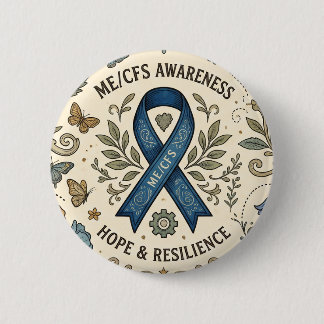 Chronic Fatigue ME/CFS Warrior 2 Inch Round Button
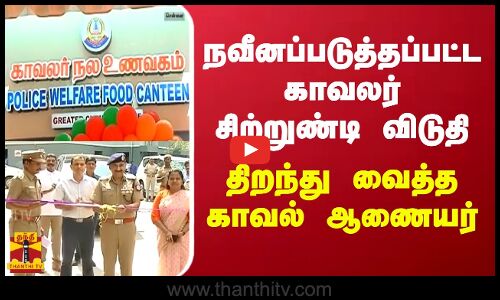நவீனப்படுத்தப்பட்ட காவலர் சிற்றுண்டி விடுதி - திறந்து வைத்த காவல் ஆணையர்
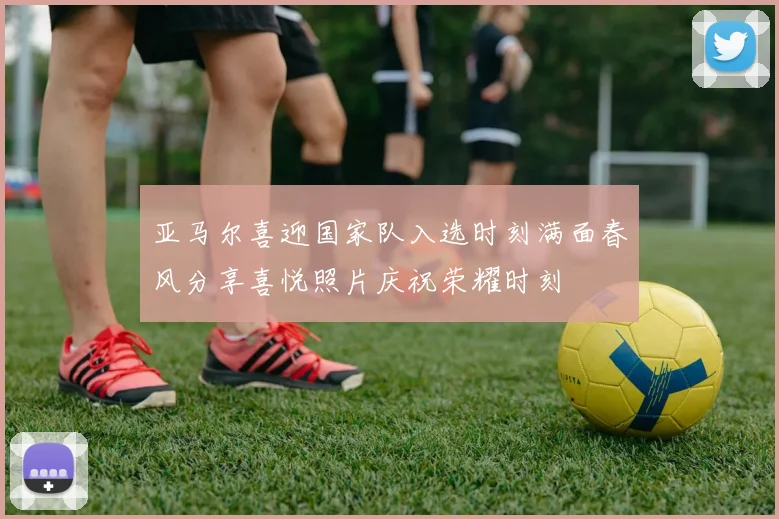 亚马尔喜迎国家队入选时刻满面春风分享喜悦照片庆祝荣耀时刻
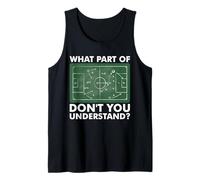 What Part of Don't You Understand Funny Soccer Coach Tactics Tank Top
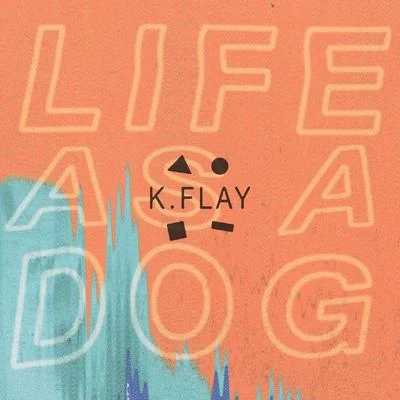 Life As A Dog 專輯 K.Flay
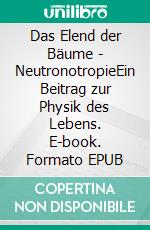 Das Elend der Bäume - NeutronotropieEin Beitrag zur Physik des Lebens. E-book. Formato EPUB ebook di Hans-Dieter Langer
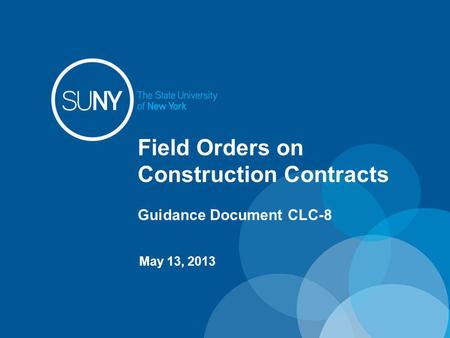 Field Orders on Construction Contracts Guidance Document CLC-8 May 13, 2013.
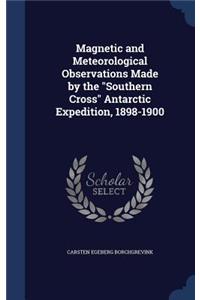 Magnetic and Meteorological Observations Made by the Southern Cross Antarctic Expedition, 1898-1900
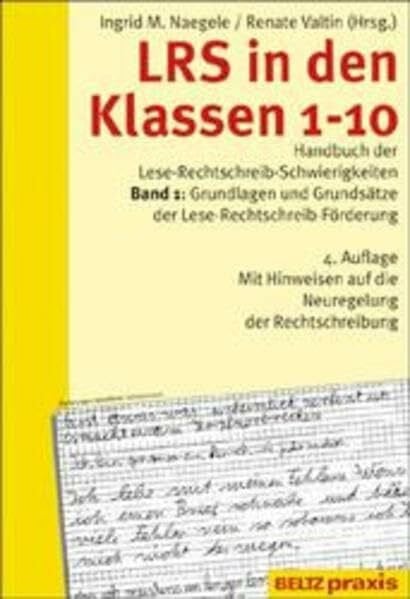 Valtin, Renate LRS in den Klassen 1-10. Handbuch der Lese-Rechtschreibschwierigkeiten: LRS in den Klassen 1-10, Bd.1, Grundlagen und Grundsätze der Lese-Rechtschreib-Förderung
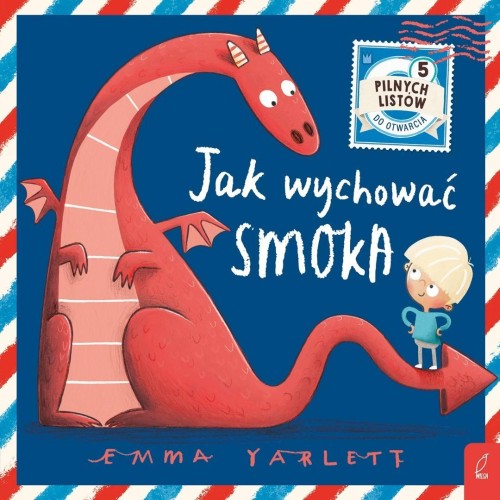Jak wychować smoka, Emma Yarlett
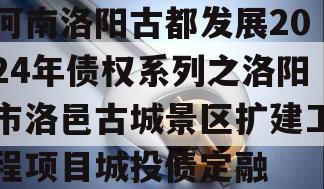 河南洛阳古都发展2024年债权系列之洛阳市洛邑古城景区扩建工程项目城投债定融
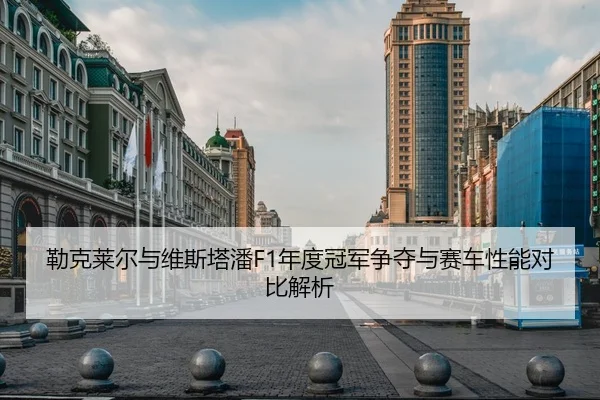勒克莱尔与维斯塔潘F1年度冠军争夺与赛车性能对比解析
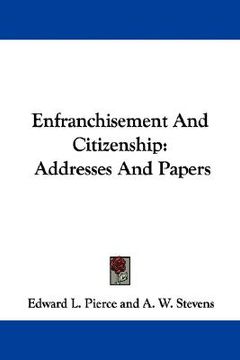 portada enfranchisement and citizenship: addresses and papers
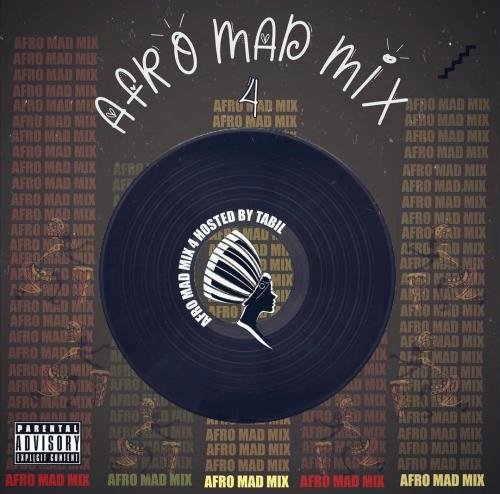 DJ Tabil - Afro Mad Mix 4, DJ Tabil – Afro Mad Mix 4 (Mixtape)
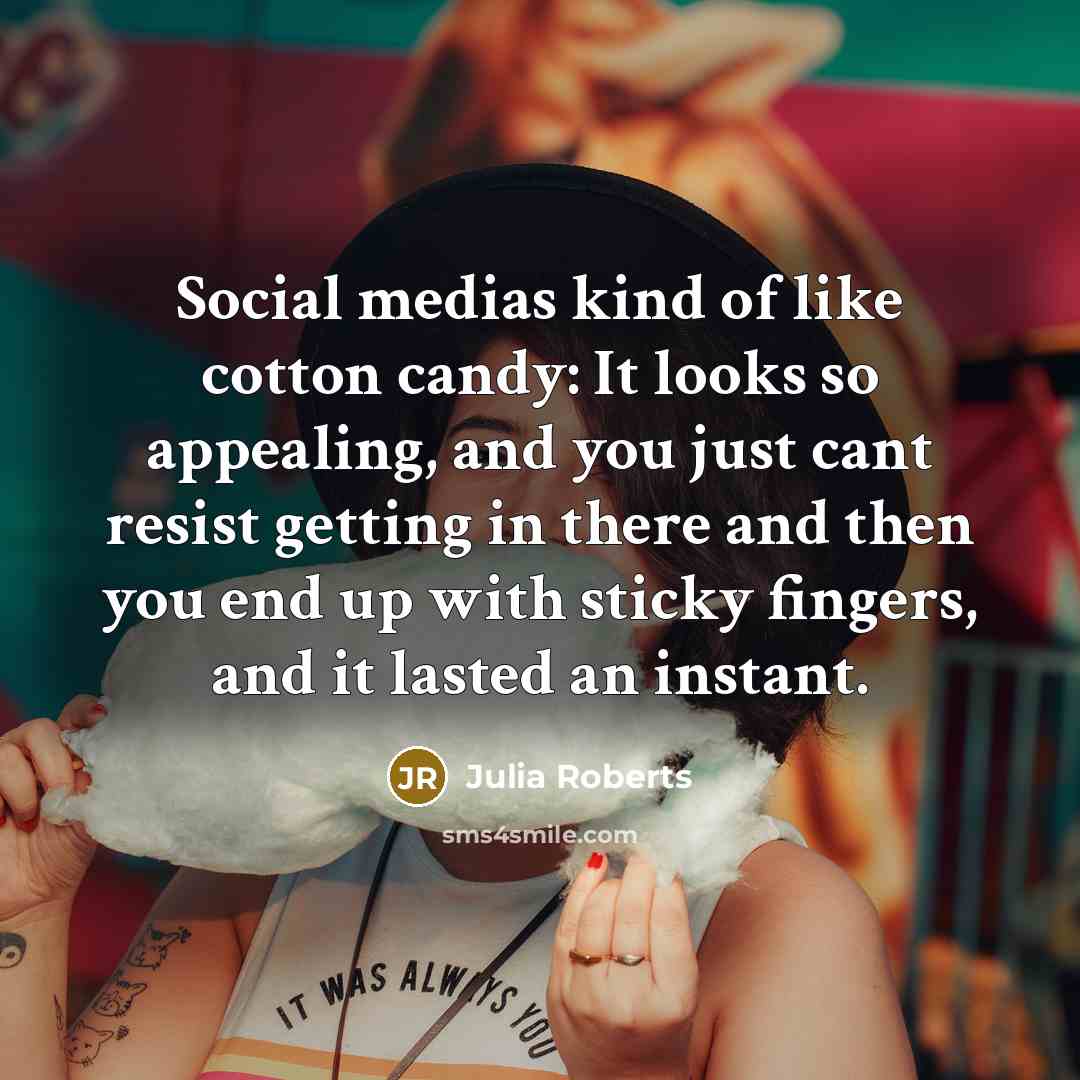 “Social medias kind of like cotton candy: It looks so…” quote by Julia Roberts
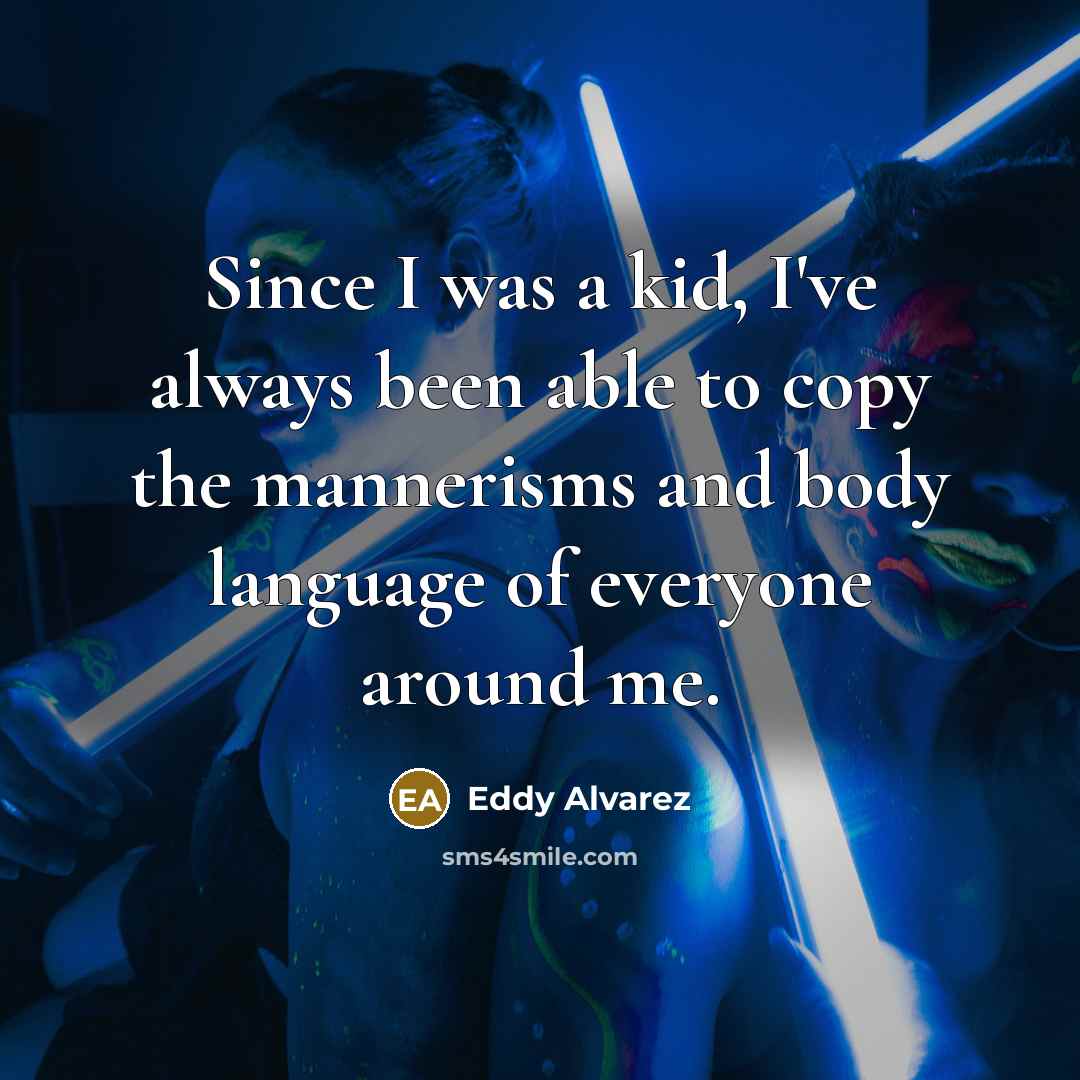 “Since I was a kid, I've always been able to…” quote by Eddy Alvarez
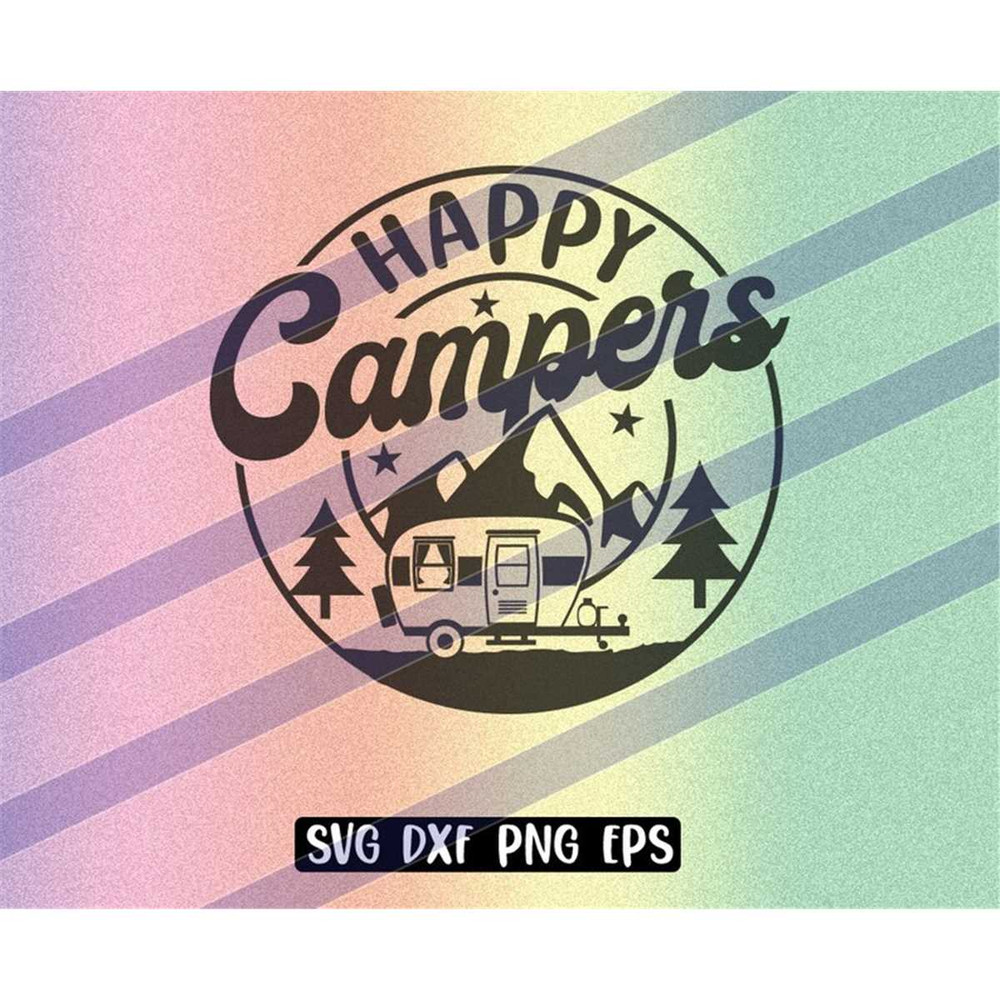 MR-2572023182756-happy-campers-svg-dxf-png-eps-welcome-camp-camping-happy-image-1.jpg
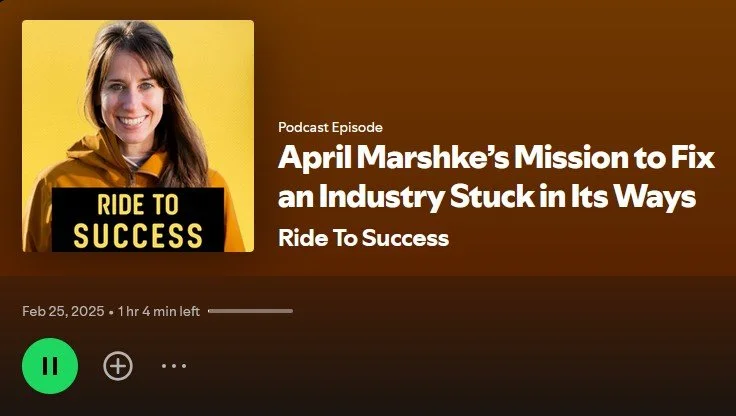 Ride to Success Podcast
February 2025

In this conversation, April Marshke shares her journey from the golf industry to the cycling world, discussing the parallels between both sports, her experiences at Specialized, and the importance of diversity a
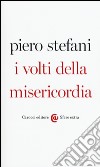 I volti della misericordia libro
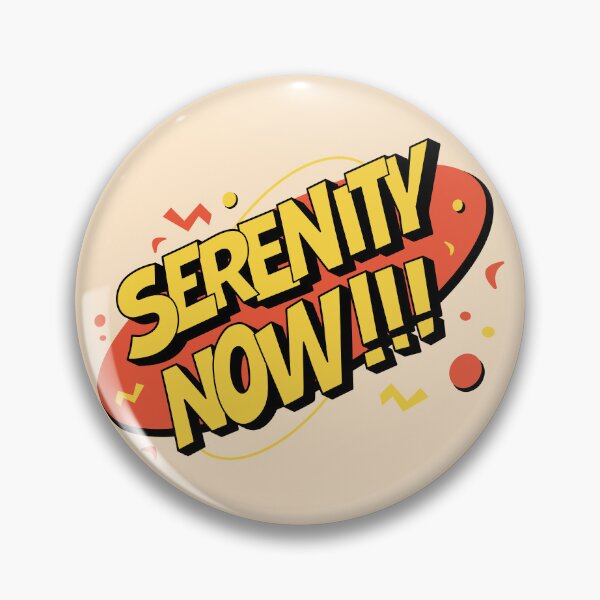 Item preview, Serenity Now | funny anger control phrase designed and sold by MamSelle.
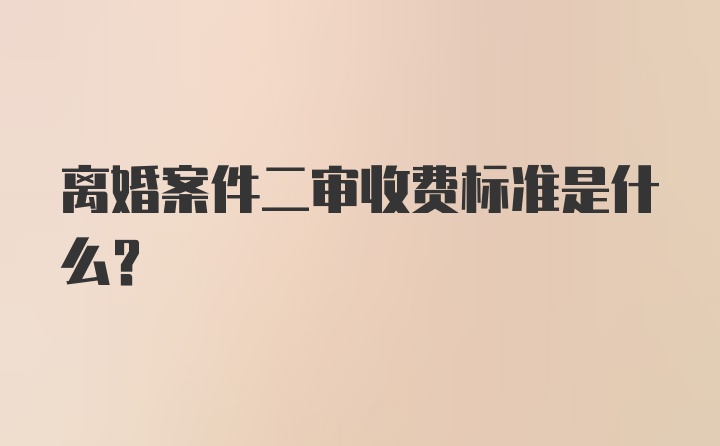 离婚案件二审收费标准是什么?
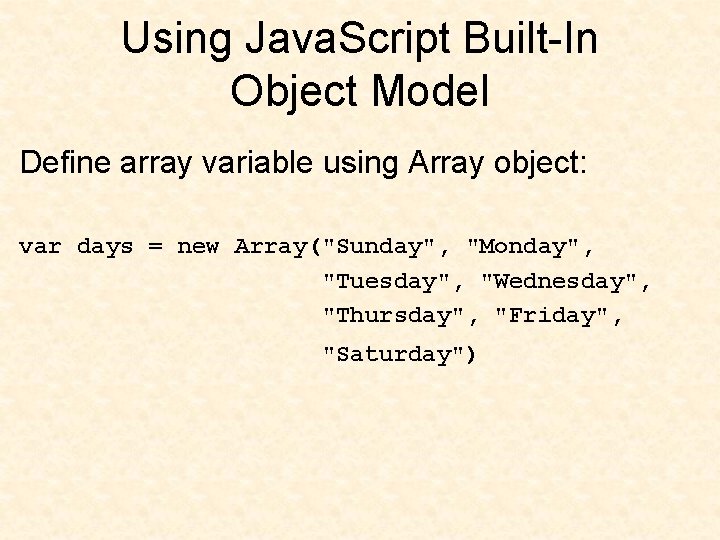 Using Java. Script Built-In Object Model Define array variable using Array object: var days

● **What is needed**:
Set down again, exactly, the lines of the material above from its first line to the one with "Magnetic and Meteorological", inclusive. Leave the pictures out.

● **Output below**:
 Chronic Fatigue ME/CFS Warrior 2 Inch Round Button
நவீனப்படுத்தப்பட்ட காவலர் சிற்றுண்டி விடுதி - திறந்து வைத்த காவல் ஆணையர்
 亚马尔喜迎国家队入选时刻满面春风分享喜悦照片庆祝荣耀时刻
 What Part of Don't You Understand Funny Soccer Coach Tactics Tank Top
 Life As A Dog 專輯 K.Flay
 Das Elend der Bäume - NeutronotropieEin Beitrag zur Physik des Lebens. E-book. Formato EPUB ebook di Hans-Dieter Langer
 Field Orders on Construction Contracts Guidance Document CLC-8 May 13, 2013.
 Magnetic and Meteorological Observations Made by the Southern Cross Antarctic Expedition, 1898-1900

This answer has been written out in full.